The occupancy rate for senior housing (independent living and assisted living) across the United States in the first quarter of 2019 increased 0.1 percentage point from the previous quarter, to 88.1%, according to data released Thursday by the National Investment Center for Seniors Housing & Care.

“That’s up 20 basis points from the third quarter [of 2018], so at least that’s moving in the right direction,” NIC Chief Economist Beth Burnham Mace told McKnight’s Senior Living. “And the [construction] start data seem to be indicating that there is a slowdown in starts, especially for assisted living. So that should translate ultimately into slower inventory growth.”

Senior housing construction starts during the first quarter of 2019 in the 31 primary markets that NIC follows totaled 4,003 units, including 2,236 independent living units and 1,767 assisted living units. Preliminary data on construction as a share of existing inventory for senior housing was 6.7% in the first quarter of 2019, 0.8 percentage point below its recent high of 7.5% in the fourth quarter of 2017.

“Provided the economy doesn’t slip into a recession, and if demand stays the same, then the slowdown in inventory growth should start to translate into a continuation of improvement in occupancy,” Mace said.

Differences by market

Although senior housing occupancy was stable overall nationally, it continued to vary among the 31 primary markets. Occupancy ranged from a low of approximately 77% in Houston (77.1%) and San Antonio (77.4%) to a high of more than 92% in San Diego (92.2%) and San Jose, CA (94.1%).

“The seventeen percentage point spread in occupancy across these major U.S. markets is exceptionally wide when compared to other commercial property types,” said Chuck Harry, NIC’s head of research and analytics.

Supply in markets can differ due to the cost of development, barriers to entry, how difficult it is to get land entitled and regulatory restrictions, whereas demand is a function of local demographics as well as the overall performance of the local economy, Mace said.

Assisted living versus independent living

Assisted living occupancy averaged 85.5% during the first quarter, up only 30 basis points from the all-time low of 85.2% reached in the second quarter of 2018. It was also up 0.1 percentage point from the fourth quarter but declined 0.2 percentage point from a year ago.
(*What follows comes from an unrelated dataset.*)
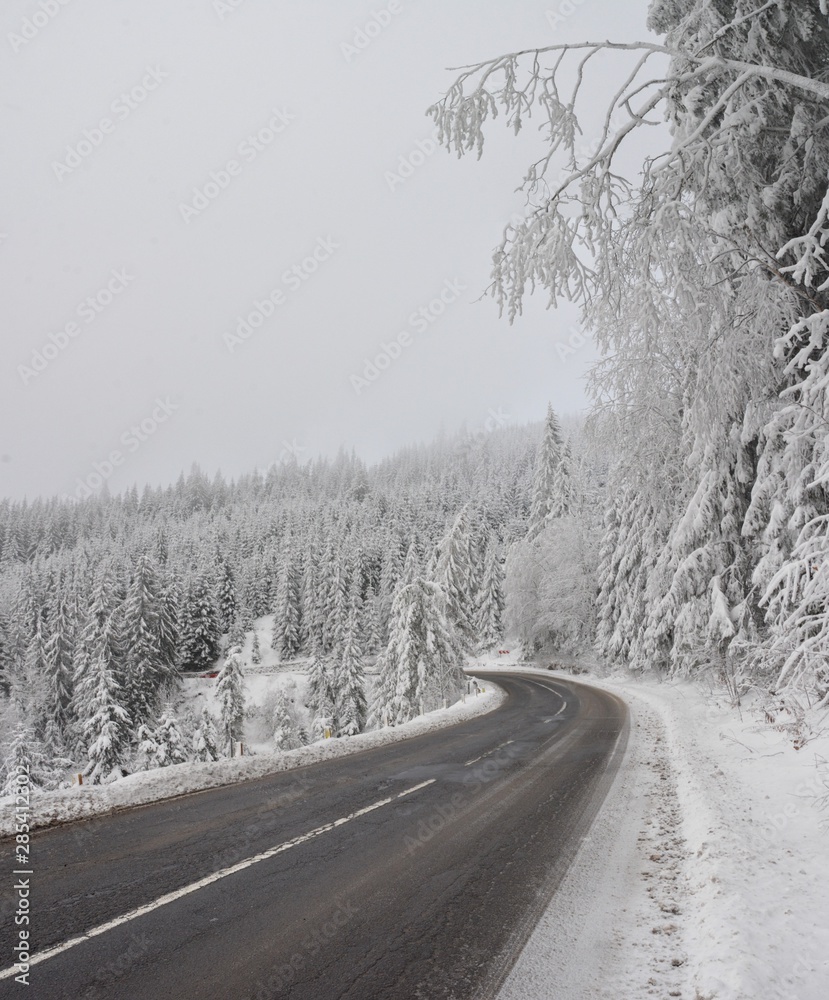 Obraz premium winter landscape with road among the trees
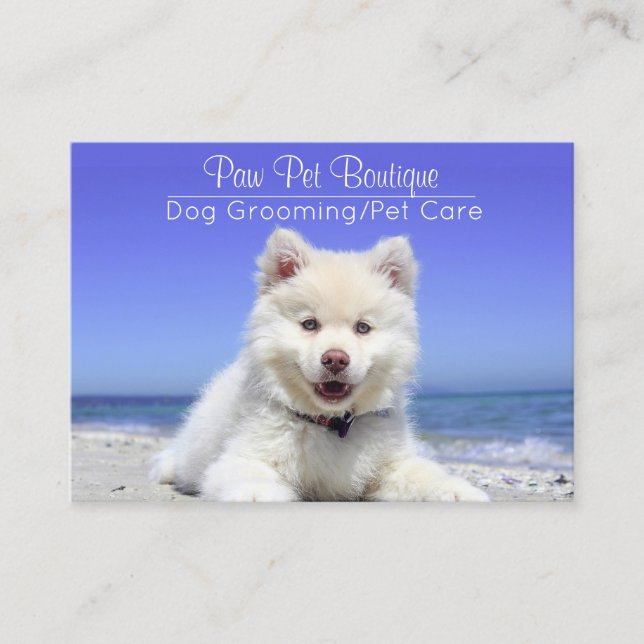 Hund Groomer Djuromsorg Puppy Walker Visitkort (Framsida)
“That’s sort of a hangover effect from after the recession, because there was more capital and more development put into assisted living,” Mace said of challenges in the sector.

Independent living occupancy averaged 90.4% during the first quarter, up 0.1 percentage point from the previous quarter and unchanged from a year ago.

“Assisted living is a little bit more recession-proof, so after the great recession, people invested more money in that and less so into independent living, because it is viewed more as choice-based,” Mace said.

A little surprise

The chief economist said she was “a little surprised” that, overall, demand was stronger than inventory, based on unit count, for the second quarter in a row. “I view that as good, and that contributed to the increase in occupancy, albeit by little bit,” she said.

The absorption rate was 3% as of the first quarter of 2019, up 0.3 percentage points from the fourth quarter of 2018 and up 0.7 percentage points from one year earlier. The annual inventory growth rate in the first quarter of 2019 was slightly higher than the absorption rate, at 3.1%, declining 0.4 percentage points from the fourth quarter.

The average rate of senior housing’s annual asking rent growth was 3% during the first quarter of 2019, unchanged from the previous quarter and down from a recent high of 3.8% in the fourth quarter of 2016.